Her first group tap work, Off A Cliff, was an a capella trio in non-unison that mixed meters, the "time" changing from threes to fours to nines, etc. Each dancer, while relating to one another, worked in a separate rhythmic framework, reaching unity only in some instances, and then not in consistent of predictable patterns. Feldman composed a "tap score" for the work, and has since continued to work from an original sound base rather than from a pre-existing score. While Off a Cliff was composed from an original sound base, Three Monk Tunes (1983) was created to a pre-existing score, here the music of Thelonious Monk. She collaborated with music composer Larry Polansky by writing a score (that included notated tap rhythms) long distance-- he in California, a lecturer in contemporary music at Mills College; she in New York.
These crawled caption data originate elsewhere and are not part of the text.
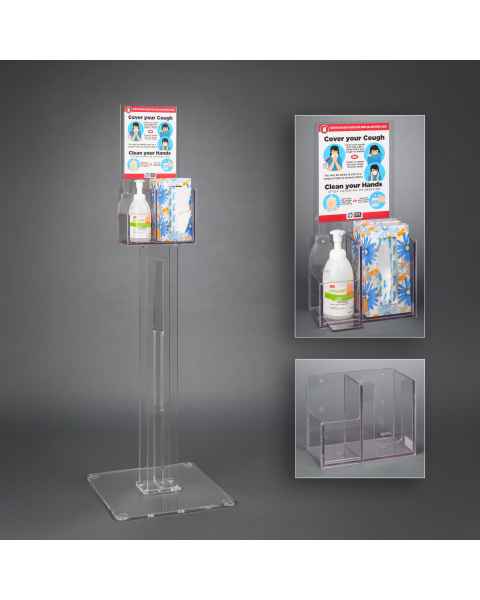 Poltex RESPH-S-DCL Respiratory Hygiene Station H - Acrylic Stand, With Decal Sign (Consumables Not Included)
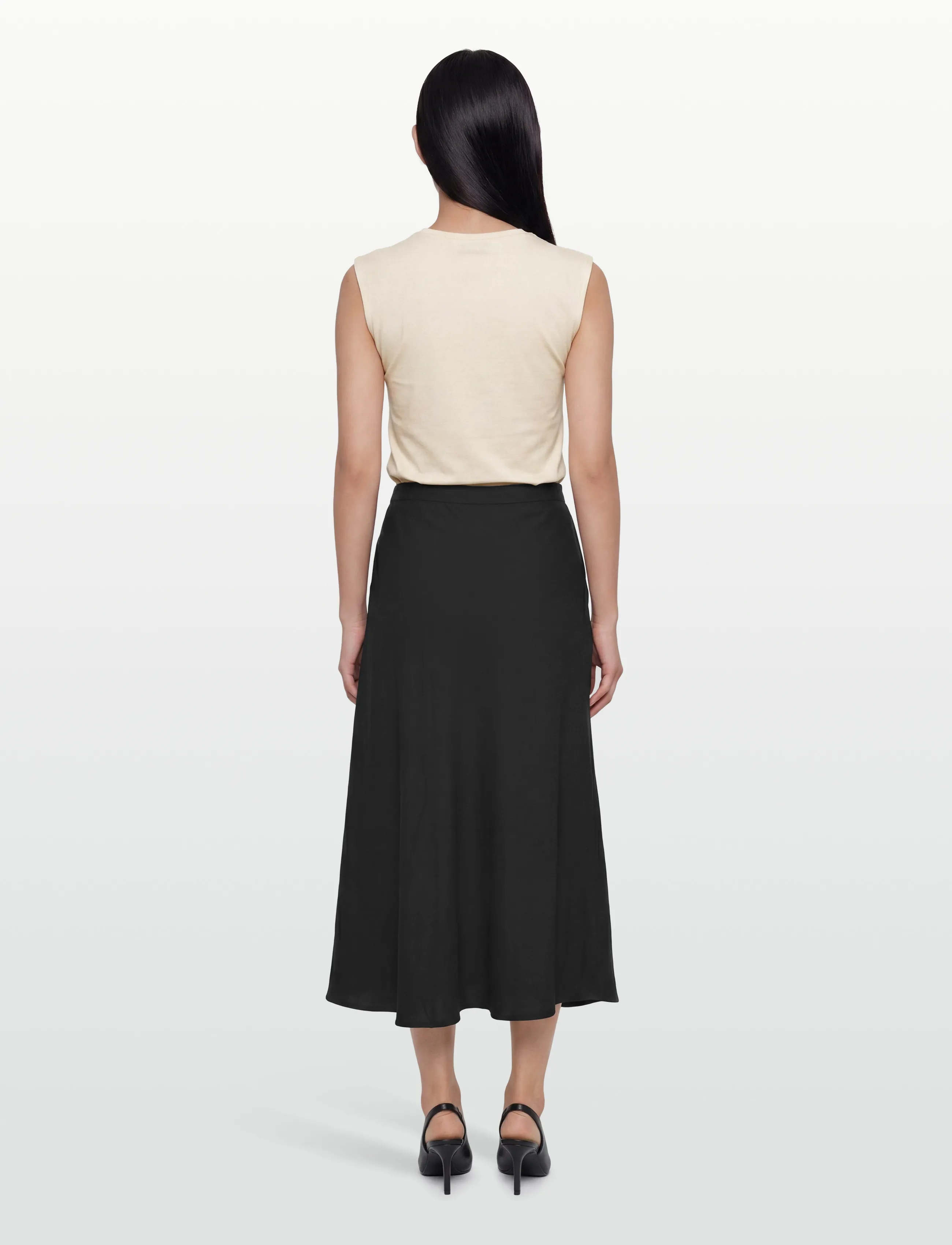 Gant - FLARED LINEN BLEND SKIRT - midi-röcke - black - 4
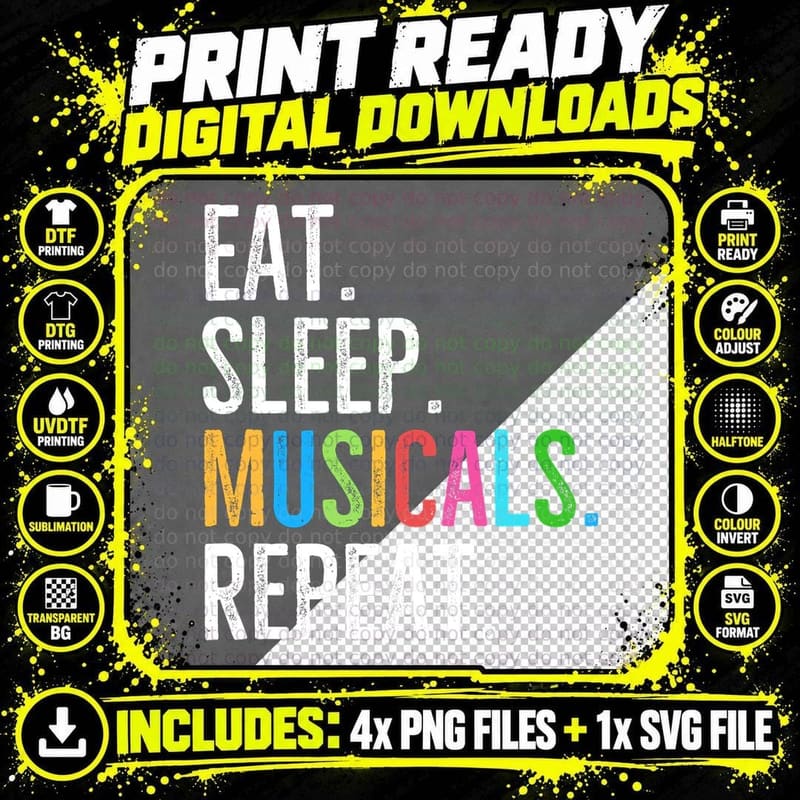 Broadway Musical Theatre T-Shirt, Broadway Style Png SVG Digital Bundle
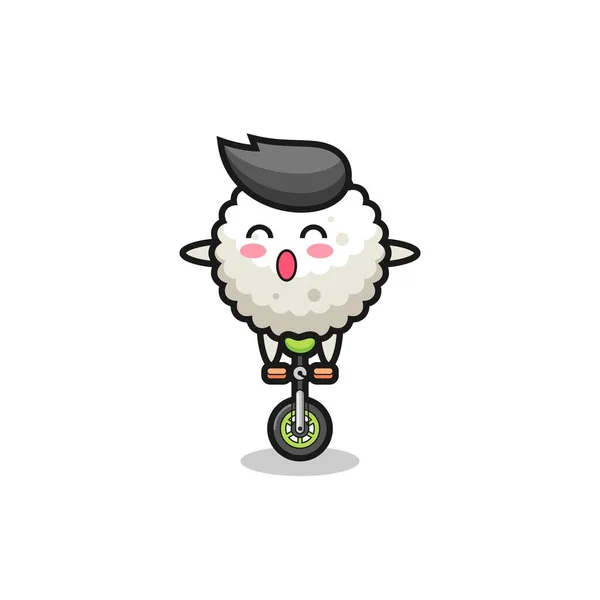 Personaje Bola Arroz Lindo Está Montando Una Bicicleta Circo Diseño — Vector de stock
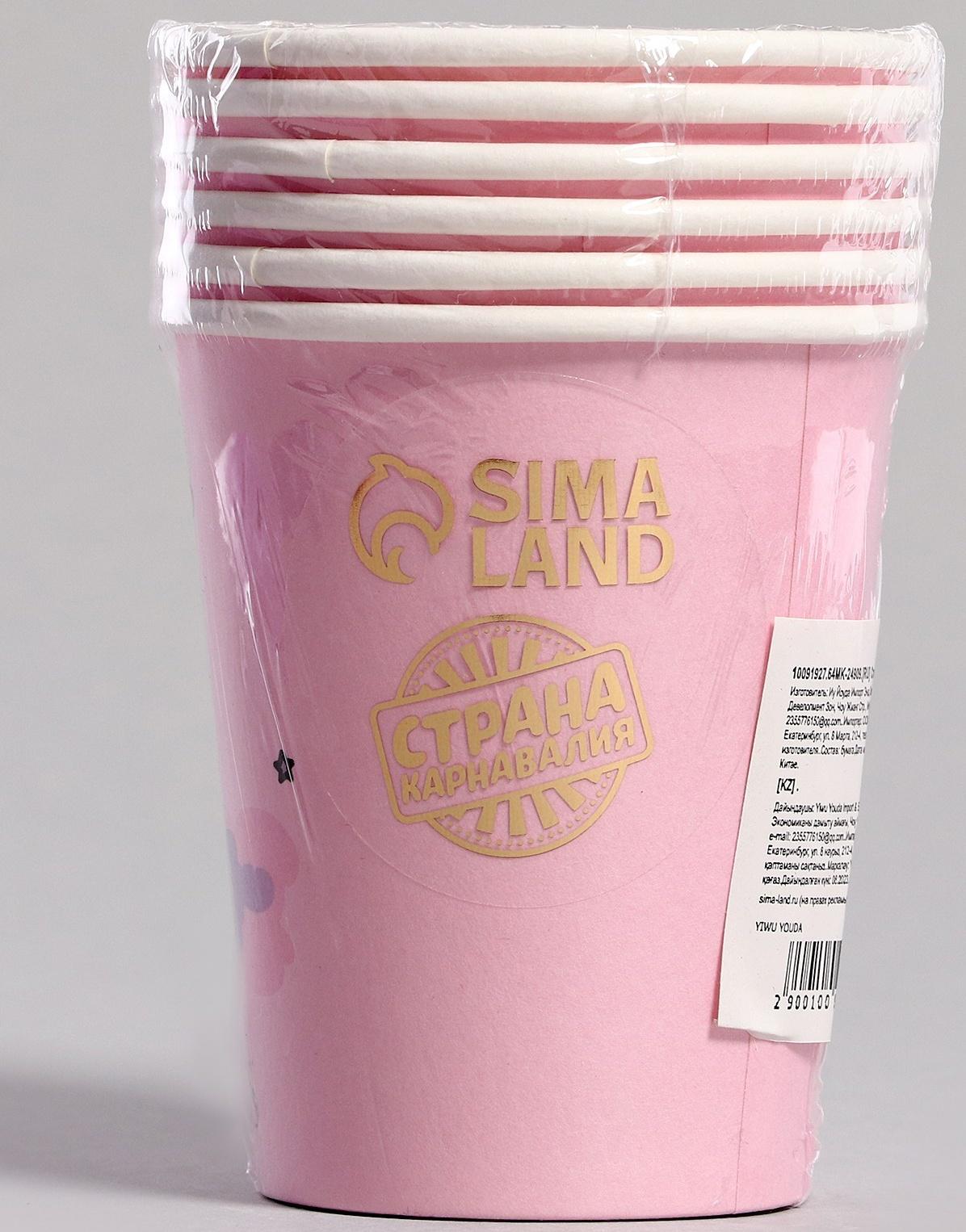 Стаканы бумажные «С днём рождения» с принцессой, 6 шт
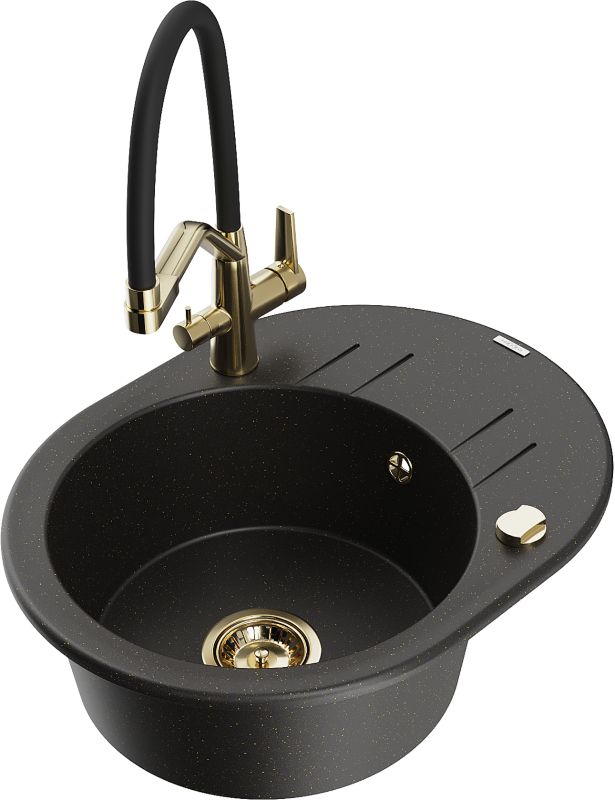 Zlewozmywak granitowy Mexen Kevin 1-komorowy z baterią kuchenną Duo czarny/złoty 6517-75-671701-57-G
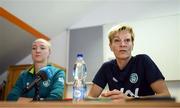 5 September 2022; Manager Vera Pauw and Louise Quinn during a Republic of Ireland Women press conference at National Training Centre in Senec, Slovakia. Photo by Stephen McCarthy/Sportsfile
The work, which premiered at the University of California at Hayward was a three-minute duet for tap dancer and percussionist in which each of three sections presented a different challenge: the big, middle, and low tones defined by Polansky in the score challenged Feldman to duplicate them with different parts of her tap shoes. The order of the tones and the new rhythms were written without regard for the way conventional tap steps were executed. The particular challenge, then, was to find coordinating patterns that simultaneously fulfilled the rhythmic and tonal requirements while presenting the sounds visually, through the dancing body.

Feldman also realized other composers' percussion works as ensemble tap dances, such as Tapping Music (1985), a realization of Steve Reich's "Clapping Music" with percussionist Gary Schall at a lectern using wooden clackers to establish the beat and rhythm; and Three Quartets for Eight Feet (1984), composed by James Tenney. 1988 saw Anita Feldman and Dancers presenting Shimmer, a twenty-minute work for herself, David Parker, and Rhonda Price to taped music that explored her interest in the different sound a tap dancer can produce. Each dancer walked onstage from the wings and executed a few taps and whisked back stage; they reentered to a disjointed sax and drum mix, moving with the beat and swishing off. As Feldman soloed, the others froze. "At moments the three pairs of feet move so fast, you marvel that the beat and tap can remain so amazingly clear," wrote Lillie Rosen in Attitude. In Hexa (1988), another abstract, non-literal work, Feldman, Price, and Parker tap-danced on a two-to-three-inch high special platform, whose build, height and position made sounds of different caliber.

Wrote Jack Anderson in the New York Times about Feldman's unique tap works: Anita Feldman employs traditional tap steps in untraditional ways by choreographing tap dances that—though they lack specific subject matter—are so varied in mood and rich in dynamic shadings that they could be called abstract paintings in motion."